- [TASK ITEM] Would you print the records below word for word, without the pictures?

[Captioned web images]
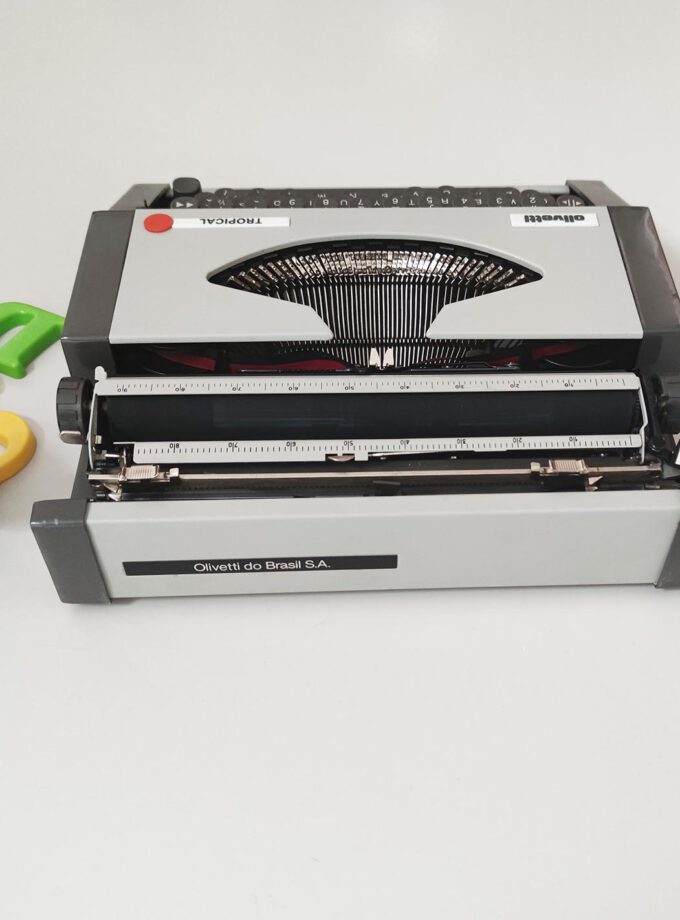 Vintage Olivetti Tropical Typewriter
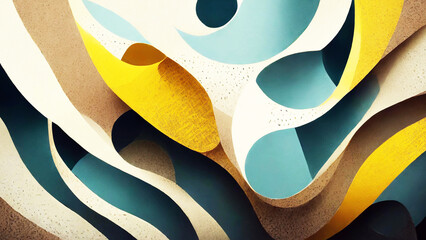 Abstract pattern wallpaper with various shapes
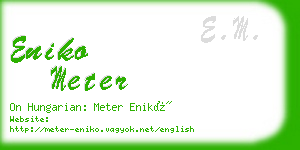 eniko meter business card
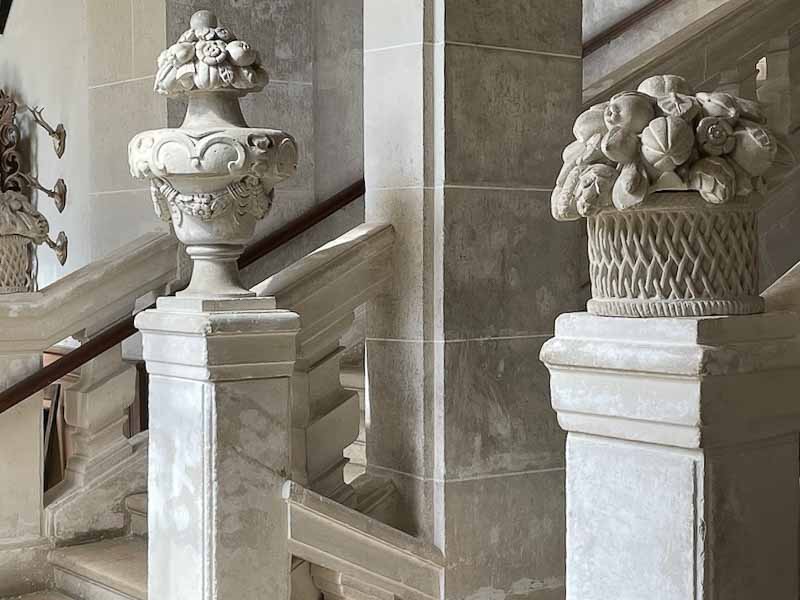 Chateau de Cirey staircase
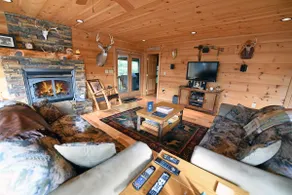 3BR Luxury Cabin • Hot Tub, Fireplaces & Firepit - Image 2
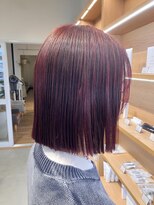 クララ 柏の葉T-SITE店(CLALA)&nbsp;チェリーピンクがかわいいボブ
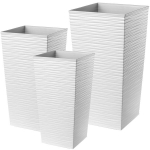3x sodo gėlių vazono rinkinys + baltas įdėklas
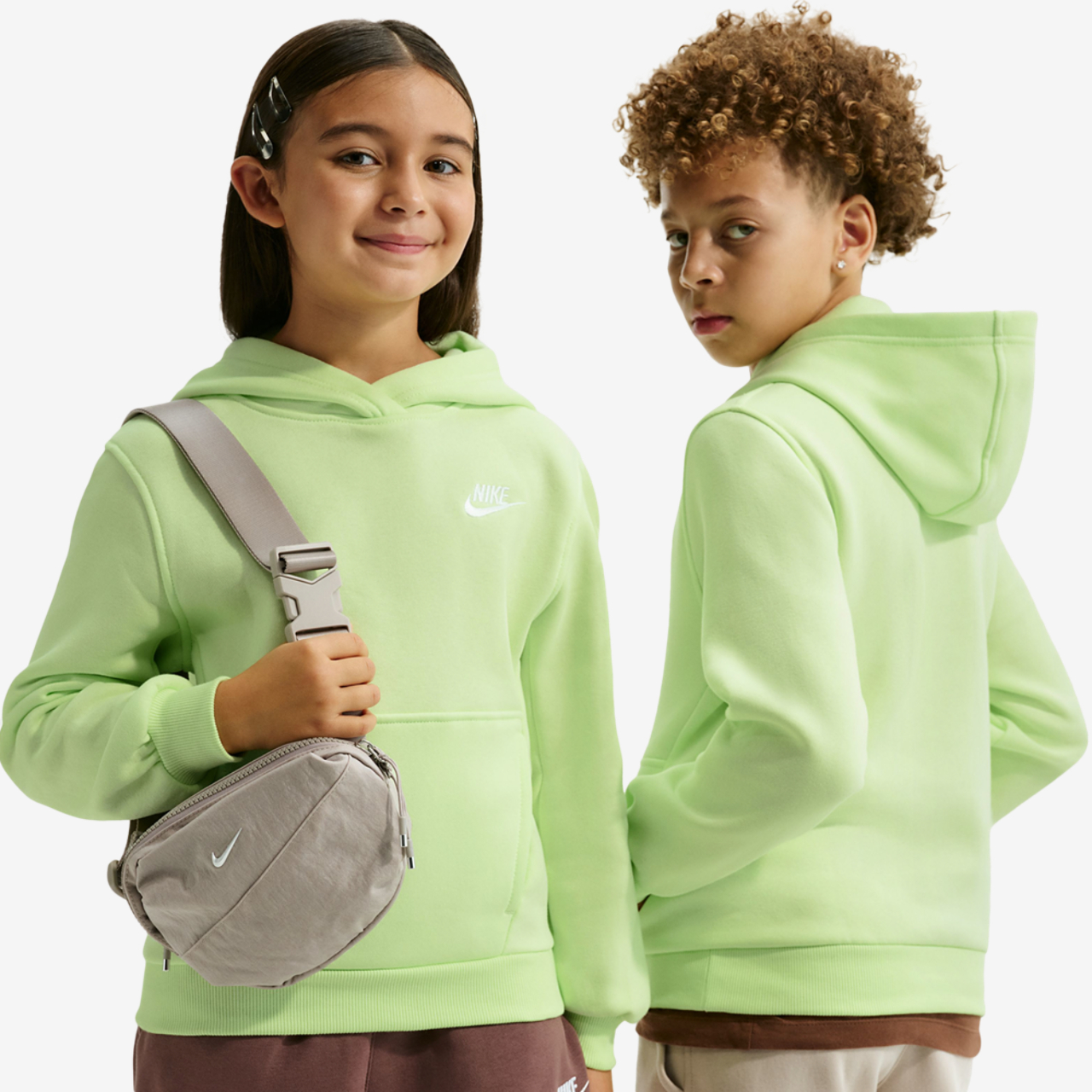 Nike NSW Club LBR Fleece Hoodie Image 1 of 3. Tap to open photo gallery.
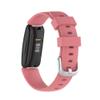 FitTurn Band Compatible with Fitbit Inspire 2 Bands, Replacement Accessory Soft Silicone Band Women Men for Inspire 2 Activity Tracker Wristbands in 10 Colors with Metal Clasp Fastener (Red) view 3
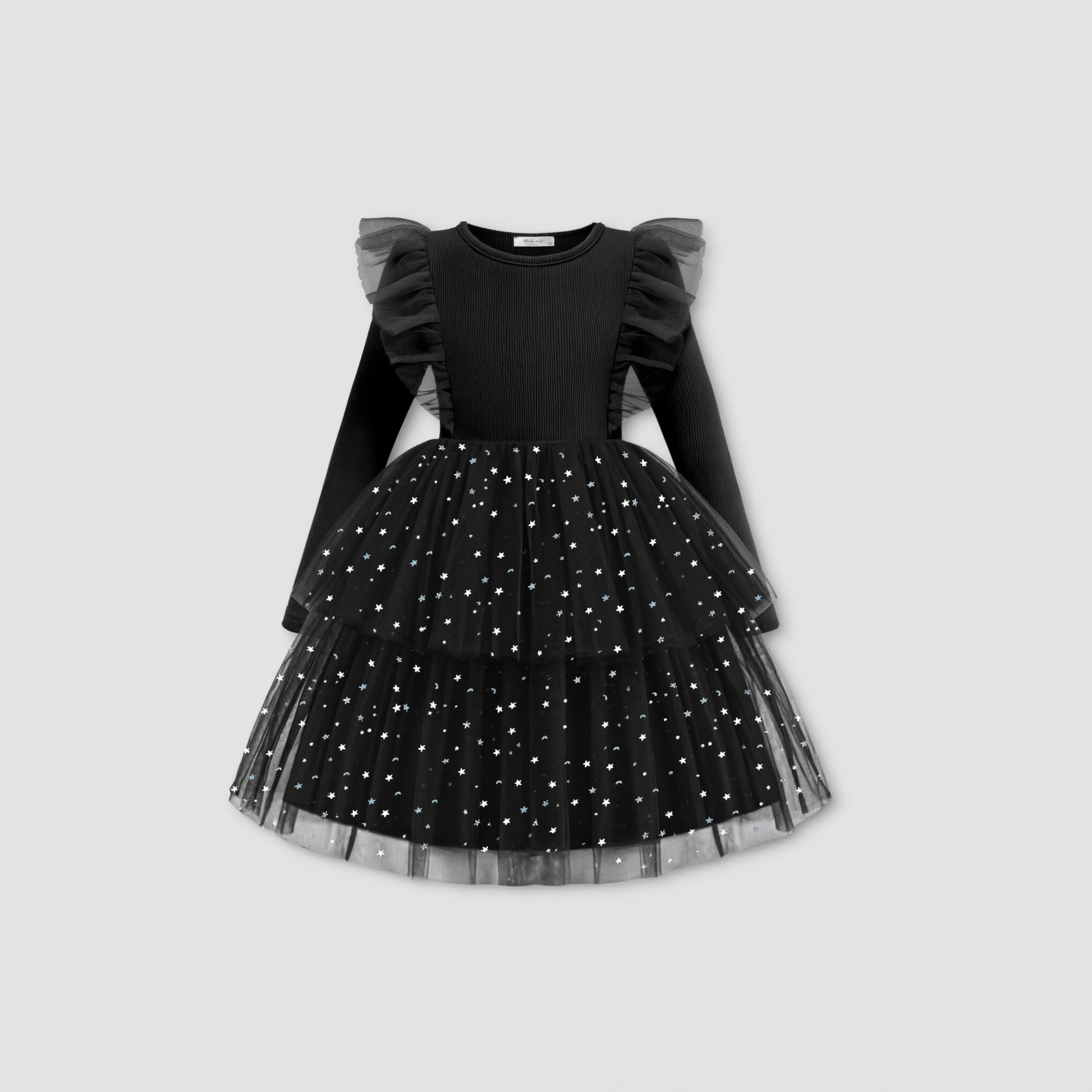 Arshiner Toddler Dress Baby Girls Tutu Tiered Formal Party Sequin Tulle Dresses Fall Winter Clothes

- [TASK SOLUTION]
 Vintage Olivetti Tropical Typewriter
 Abstract pattern wallpaper with various shapes
 eniko meter business card
 Chateau de Cirey staircase
 3BR Luxury Cabin • Hot Tub, Fireplaces & Firepit - Image 2
 クララ 柏の葉T-SITE店(CLALA)&nbsp;チェリーピンクがかわいいボブ
3x sodo gėlių vazono rinkinys + baltas įdėklas
 Nike NSW Club LBR Fleece Hoodie Image 1 of 3. Tap to open photo gallery.
 FitTurn Band Compatible with Fitbit Inspire 2 Bands, Replacement Accessory Soft Silicone Band Women Men for Inspire 2 Activity Tracker Wristbands in 10 Colors with Metal Clasp Fastener (Red) view 3
 Arshiner Toddler Dress Baby Girls Tutu Tiered Formal Party Sequin Tulle Dresses Fall Winter Clothes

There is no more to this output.